My family and I are considering a move to Ireland and have a couple of health care related questions. It is our understanding that the awareness of food allergies in Ireland far surpasses the awareness here in the U.S. Our 8 year old child has an allergy to peanuts and my wife and I wanted to find out if there are an adequate amount of qualified allergists (immunologists) who could treat and monitor our child. Are ambulances and hospitals sufficiently equipped with medicines and supplies necessary to treat an anaphylactic episode? We will not be in the Dublin area so I am concerned about the rural readiness for such episodes (although very rare). I in turn, am a diabetic who uses an insulin pump. My ongoing needs are regular doctor visits, insulin, insulin pump supplies and blood glucose testing equipment (meters & strips).

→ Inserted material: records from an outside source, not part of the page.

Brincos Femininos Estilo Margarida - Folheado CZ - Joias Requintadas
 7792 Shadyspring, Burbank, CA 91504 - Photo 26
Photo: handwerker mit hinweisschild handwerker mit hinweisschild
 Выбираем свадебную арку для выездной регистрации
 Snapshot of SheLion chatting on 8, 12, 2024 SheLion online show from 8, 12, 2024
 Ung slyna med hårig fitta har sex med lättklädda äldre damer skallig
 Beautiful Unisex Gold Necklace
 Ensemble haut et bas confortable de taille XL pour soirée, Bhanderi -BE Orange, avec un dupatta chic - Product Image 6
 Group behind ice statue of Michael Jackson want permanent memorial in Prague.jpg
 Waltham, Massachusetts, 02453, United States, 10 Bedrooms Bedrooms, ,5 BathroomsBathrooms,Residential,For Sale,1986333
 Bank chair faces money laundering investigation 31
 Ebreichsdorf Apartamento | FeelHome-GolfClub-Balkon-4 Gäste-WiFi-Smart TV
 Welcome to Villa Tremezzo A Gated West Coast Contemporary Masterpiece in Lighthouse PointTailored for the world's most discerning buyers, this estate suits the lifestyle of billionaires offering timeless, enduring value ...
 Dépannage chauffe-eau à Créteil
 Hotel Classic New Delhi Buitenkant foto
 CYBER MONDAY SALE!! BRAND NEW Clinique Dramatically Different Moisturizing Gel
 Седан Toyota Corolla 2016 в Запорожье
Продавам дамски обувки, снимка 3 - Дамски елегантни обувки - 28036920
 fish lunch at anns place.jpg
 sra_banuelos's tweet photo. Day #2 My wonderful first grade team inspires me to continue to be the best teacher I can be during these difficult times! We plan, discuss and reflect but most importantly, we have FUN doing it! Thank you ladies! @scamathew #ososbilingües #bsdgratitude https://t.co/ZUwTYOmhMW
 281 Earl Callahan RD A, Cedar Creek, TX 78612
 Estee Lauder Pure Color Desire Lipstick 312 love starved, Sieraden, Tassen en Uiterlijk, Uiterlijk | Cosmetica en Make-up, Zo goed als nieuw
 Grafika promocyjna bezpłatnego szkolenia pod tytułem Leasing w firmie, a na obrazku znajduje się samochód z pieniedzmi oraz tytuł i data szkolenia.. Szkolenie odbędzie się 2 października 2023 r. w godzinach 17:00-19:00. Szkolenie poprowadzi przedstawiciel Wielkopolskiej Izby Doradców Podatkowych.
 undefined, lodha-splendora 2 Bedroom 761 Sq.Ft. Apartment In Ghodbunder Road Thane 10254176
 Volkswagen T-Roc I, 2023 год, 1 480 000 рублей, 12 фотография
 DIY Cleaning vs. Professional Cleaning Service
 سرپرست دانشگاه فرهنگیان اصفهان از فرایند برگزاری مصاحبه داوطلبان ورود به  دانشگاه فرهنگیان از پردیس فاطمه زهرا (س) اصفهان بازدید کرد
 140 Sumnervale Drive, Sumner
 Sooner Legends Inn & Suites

Health care in Ireland is organised quite differently when compared with the United States. In Ireland the GP (general practitioner) rather than paediatricians and specialists provide ongoing care to children and adults. Specialists are usually accessed through referral from the GP. There are only a handful of immunologists working in Dublin and I am not aware of the numbers in practice outside of the Dublin area. All general hospitals throughout the country would be adequately equipped to cope with acute anaphylaxis but I am not sure if every ambulance in every county would be. Many GPs would not have direct experience in caring for people with insulin pumps because this is relatively new technology. Therefore it would be desirable for you to have ready access to an endocrine unit specialising in the management of diabetes in order to be able to access specialised care when necessary. You might find it useful to make contact with the Diabetes Federation of Ireland for further information on that aspect of your query. The Federationís website is located at: http://www.diabetesireland.ie/. The various supplies you refer to such as insulin supplies and blood glucose testing equipment are widely available throughout the country.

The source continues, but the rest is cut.